13. Schickler's (Citation2000) theory was designed to explain the conditions under which the minority party is advantaged or undermined through the use of rules. Since restrictive rules are one method by which the majority party can undermine the minority party, his insights can prove useful to explain the conditions under which the Rules Committee places restrictive rules on bills.

14. I replaced this measure with one in which I used the committee whose median member has preferences that are the furthest from zero (using first dimension, DW-NOMINATE scores). When I do so, my results do not differ from those that are presented this paper, except that committee distance is only significant at the relatively loose .10-level of significance, using a one-tailed test.

15. Since this variable is a percentage, its values range from zero to 100. A party cohesiveness score of zero indicates a totally incohesive party and a cohesiveness score of 100 indicates a completely cohesive one. I acquired data for both measures from Joseph Cooper and Gerry Young (Cooper and Young Citation1997, Citation2002).

16. I should note that MEDIANFLOOR represents the floor median in each House, MEDIANMINPTY represents the median member of the minority party, MEDIANMAJPTY represents the median member of the majority party and MEDIANADV represents the absolute value of the differences between the floor and the: (1) minority party, and (2) majority party in the current Congress. Finally, ΔMEDIANADV denotes the difference between the MEDIANADV of the current Congress from that of the previous Congress.
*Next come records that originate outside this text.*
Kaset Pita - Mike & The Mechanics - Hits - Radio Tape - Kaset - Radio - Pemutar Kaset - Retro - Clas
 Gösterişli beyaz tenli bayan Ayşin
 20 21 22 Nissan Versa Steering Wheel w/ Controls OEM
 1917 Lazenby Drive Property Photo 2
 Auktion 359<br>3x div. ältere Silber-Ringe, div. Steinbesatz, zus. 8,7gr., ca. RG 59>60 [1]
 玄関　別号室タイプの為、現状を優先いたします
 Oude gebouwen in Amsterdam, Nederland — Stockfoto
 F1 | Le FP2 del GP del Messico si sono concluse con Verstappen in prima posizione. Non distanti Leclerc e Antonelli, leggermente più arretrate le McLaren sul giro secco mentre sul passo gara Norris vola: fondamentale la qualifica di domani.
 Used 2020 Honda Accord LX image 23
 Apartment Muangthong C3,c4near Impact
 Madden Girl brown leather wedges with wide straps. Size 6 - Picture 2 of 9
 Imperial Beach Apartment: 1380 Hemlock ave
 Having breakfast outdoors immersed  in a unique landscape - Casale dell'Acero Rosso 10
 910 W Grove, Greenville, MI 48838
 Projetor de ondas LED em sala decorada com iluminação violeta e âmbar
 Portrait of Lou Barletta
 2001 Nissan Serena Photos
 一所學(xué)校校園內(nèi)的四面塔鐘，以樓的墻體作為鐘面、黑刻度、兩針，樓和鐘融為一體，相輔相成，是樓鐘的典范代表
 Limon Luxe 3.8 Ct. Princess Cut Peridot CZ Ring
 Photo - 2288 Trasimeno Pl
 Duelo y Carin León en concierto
17. I substituted the number of bills on which the Rules Committee has placed a rule as a substitute for my workload measure. This variable was not statistically significant, and did not affect the significance patterns of the other variables. This substitution allowed me to test whether workload was not statistically significant because of how I measured it.

18. To compute the change in predicted probability of a bill receiving a restrictive rule, I held the values of all continuous variables at their mean, and all binary variables at zero. To compute this change, I changed the value of that variable from the mean to one standard deviation above it if it was a continuous variable, and from 0 to 1 for each binary variable, while holding all others at their baseline values. For each interactive term, I computed the change in predicted probability by changing the value of each term and its constitutive term from the mean to one standard deviation above it (or, for legislative profile, from 0 to 1).

19. I also operationalized majority and minority party cohesiveness as the standard deviation of the first dimension, DW-NOMINATE scores for each party in the House in each Congress. I used this operationalization as an attempt to lessen my dependence on vote-based measures. I found that majority and minority party cohesiveness are not statistically significant. While the results are mostly unchanged, committee distance is only significant at the relatively loose, .10-level of significance, using a one-tailed test.

20. To check whether the dummy for constituency service committees sapped the power of the legislative profile hypothesis, I excluded this dummy and found that the constitutive term for this hypothesis was not statistically significant. The results remain the same, except that the dummies for prestige and policy committees become positive and statistically significant.

21. I checked my results to verify that bills from any particular Congress did not drive the results that I obtained. To conduct my robustness checks, I ran my models, and excluded bills from one Congress at a time while including all other Congresses. I discover that the signs on my coefficients and the significance patterns mostly do not change. These models are available from the author on request.